Media Reality


We hear a lot about the “dumbing down” of the media and we nod wisely as we agree and complain what it is doing to other people's children. The media moguls tell us that they are giving us what we want in the tabloids, whether papers, talk radio or cable/broadcast news. At the same time, financial constraints push good drama off our screens to be replaced by the cheaper casts of ‘reality’ programs. But is there an inevitable reinforcing feedback mechanism working on all of us here?

So we have a major question hanging in the air.  As we read, listen or watch this media content that we huff and puff about becoming dumber everyday, are we becoming dumber as we consume it? Quickly, we will all scream of course not, not me, it’s them out there. Appel in his paper in the current issue of Media Psychology set out to test this (1).

There were 81 participants in their mid twenties who were given versions of a movie script to read. Both scripts were about a 35-year old guy who is extremely unintelligent and a right-wing skinhead to boot. He meets his friends in a bar and gets drunk. The bad version then has him being a soccer hooligan who gets into a fight at the match and misses the ending. He’s so drunk that he sleeps through the next day and then gets mad when he heard his team lost.

The participants were split up into groups. Some had one script some the other. Some groups were asked to note what the differences were between them and Mr. Meir the soccer hooligan. After all this excitement, all the participants were given a 30-question general knowledge multiple-choice examination.

The “dumbest” were the people who were not asked to contrast Mr. Meir’s behavior and their own and the “very dumbest” were those who read the whole sorry tale without any instructions.
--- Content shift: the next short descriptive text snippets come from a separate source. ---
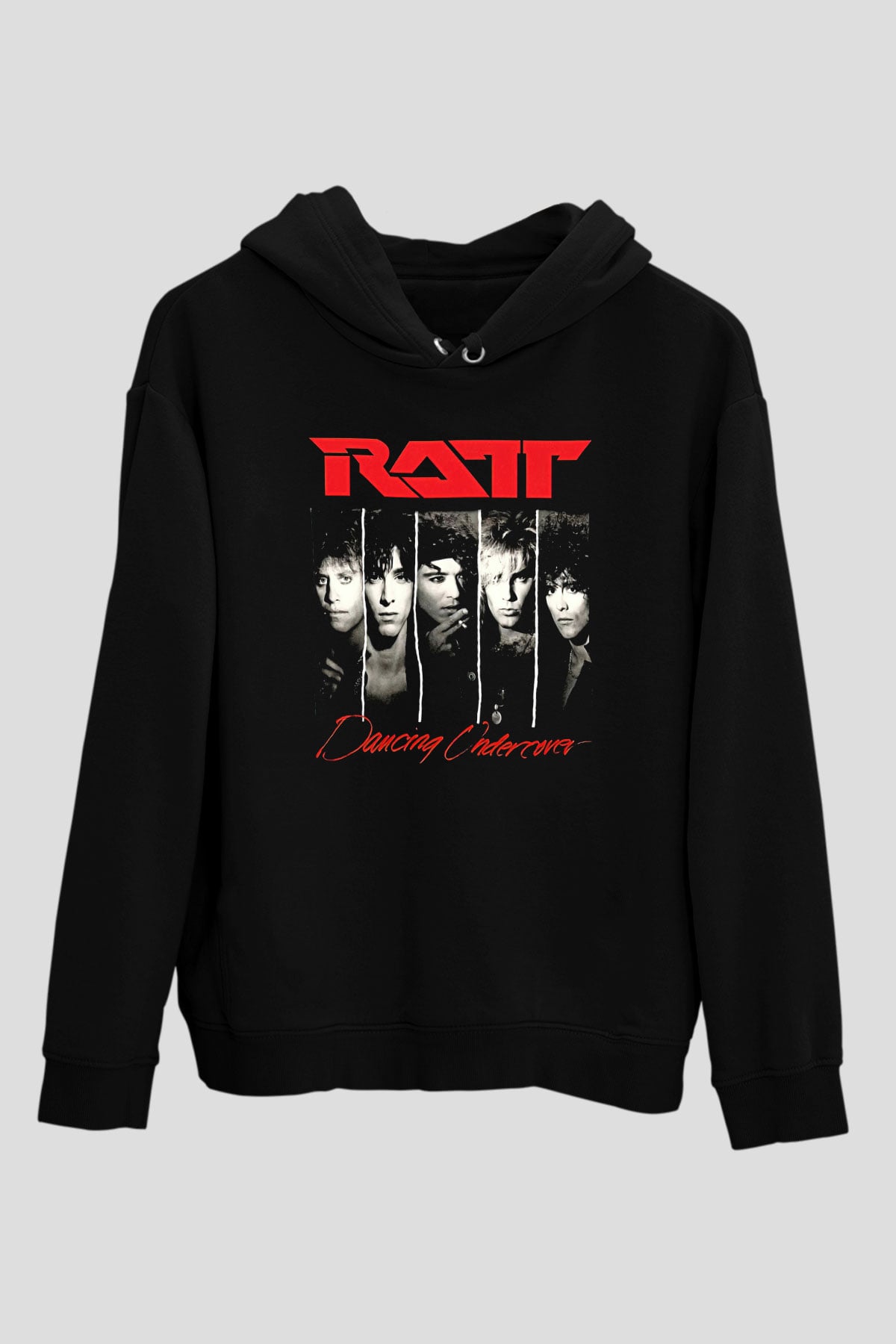 Ratt Baskılı Unisex Siyah Kapüşonlu Sweatshirt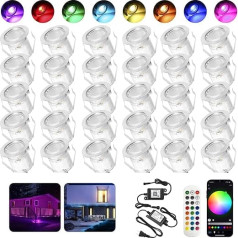 LED įleidžiami grindų žibintai lauko RGB 30 vnt., 30 mm skersmens, 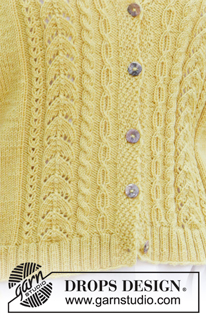 Marigold Sunshine / DROPS 207-4 - Gebreid vest in DROPS BabyMerino. Het werk wordt gebreid met kabels, kantpatroon en sjaalkraag. Maten S - XXXL.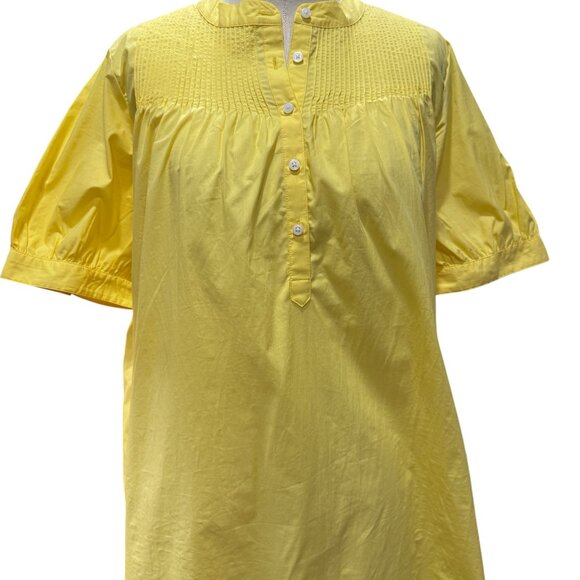 J.Crew Short-Sleeve Mini Shirt Dress Cotton Poplin Yellow S - Picture 2 of 6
The author says that ‘the short term influence on cognitive functioning is a promising new field of enquiry.’ I’m sure that we all hope that the effect is short term, but what about the continual media priming of a plethora of junk for our daily consumption? We know that constant repetition works as a brain washing technique. But if it’s a wide range of rubbish that we consume, does that mean that we’ll all forget who painted Geurnica, or why?